Health care: American system prior to Obama’s nuclear intervention was fine

There is a persistent, contra-intuitive, rogue management rule: If it’s not broken — break it.

The argument being that “old think” digs one deeper into comfortable, but not necessarily effective, ruts. Breaking the mold forces all concerned into “new think,” which will be more productive.
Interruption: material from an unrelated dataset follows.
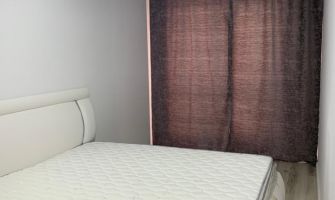 Apartament de inchiriat, 2 camere   Copou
Unfortunately, all too frequently, for those creative, break-the-mold CEO-inspired ideas, there is a catastrophic consequence.

Thus has will be the result from the Affordable Care Act (“Obamacare”) which is proving to be a tar pit into which an ideologically inspired U.S. government executive branch is slave-driving the United States population.

And one can almost hear the Administration muttering the classic mantra of bad planning, “When I undertook to drain the swamp, I didn’t plan in being up to my ass in alligators.”

Because what is now in process in the United States is massive restructuring of roughly one-sixth of the economy. President Obama has battened upon U.S. health care as his administration’s legacy, through which he intends to expand health care more comprehensively to the American population. Unfortunately, it is being done almost as badly as possible, taking advantage of a unique political circumstance that lasted for a mere two years. (The perfect storm 2008 election wherein Democrats won not just the presidency but both houses of Congress provided this leverage.) Thus Obamacare was instituted without a single Republican vote guaranteeing no Republican has a stake in a positive outcome but, rather, significant stakes in dismantling it.

In historical terms, it is akin to Democratic President Woodrow Wilson assembling a delegation to the Versailles Peace Treaty negotiations that included not a single Republican senator — the resulting League of Nations Treaty was defeated in the Senate. Fast-forward arrogant hubris 90 years into Obamacare. Opponents of Obamacare never forget that it could not be legislated today and are determined to uproot it before — like an invasive species — it devours existing health care.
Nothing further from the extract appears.